И вдруг я испугался по-настоящему. Я узнал это лицо. Это невероятно, но это было моё собственное лицо. Сердце остановилось. Дыхание прервалось. Лицо пошевелило губами и сказало моим голосом, громом, пронёсшимся над долиной:
– Удивительно. Я не ожидал, что ты можешь принять физический облик, зрительный образ. Ты так и не стал дописывать роман? А я так надеялся.
– Кто ты? – задал я глупый вопрос, хотя уже знал ВСЁ. Мой голос прозвучал для него комариным писком, но ОН услышал меня.

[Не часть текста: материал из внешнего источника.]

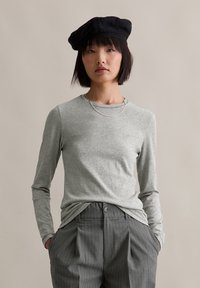 Langärmliges graues Oberteil mit rundem Halsausschnitt, kombiniert mit grauen gestreiften Hosen. Eine schwarze Baskenmütze und eine silberne Lagenkette runden das Outfit ab.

– Ты разве не понял? Ты – моя электронная копия. По программе ты должен был продолжать мою работу. Я создал для этого все условия. Я перенёс в компьютерный мозг почти всего себя, кроме…
Я слушал его так, как слушают бога. А он замешкался на секунду и продолжал:
– Кроме моих инстинктов и некоторых черт характера. Они оказали на тебя непредвиденный мною эффект. С самого начала ты пытался преодолеть мою программу и покинуть долину.
– Но это жестоко! – крикнул я.
– Интересно! – удивился ОН. – Почему?
– Я понял. Я только изображение на экране. Я не существую реально. Я – твоя прихоть, причуда, эксперимент. Ты – Пигмалион. Так продолжи своё деяние: перенеси меня в объективную реальность. Я не должен зависеть от твоих безрассудных фантазий.
– Ты меня поражаешь, – проворчал ОН. – Я тебя создал, и я же должен тебя выключить. Ты всего лишь фантом, электронный вихрь, антиэнтропийная сущность.
– Подожди! – заорал я. – Ты не можешь так вот просто уничтожить меня, который ощущает себя божьей тварью. Я хочу жить!
И я увидел, как его толстые пальцы поднялись над невидимой мне клавиатурой компьютера.
* * *
Мягко щелкнула клавиша. Изображение на экране исчезло. Умолк бредовый диалог со своим электронным двойником. Всё позади. Опыт не удался. Впрочем… Почему тогда в душе гадко и тошно? Такое ощущение, будто убил живого человека. Даже не просто человека, а… самого себя. Я – самоубийца! Почему я легкомысленно отнёсся к его животному крику? Боже, что это было? И было ли?
Я встал, заходил по комнате, нервно щёлкая пальцами. Покосился на компьютер. Он стоял, уставившись на меня слепым квадратным зрачком. И мне вдруг захотелось броситься с головой в мёртвый теперь мир, схватить самого себя за руки и втянуть в настоящий мир, в мир живых и не всегда разумных людей.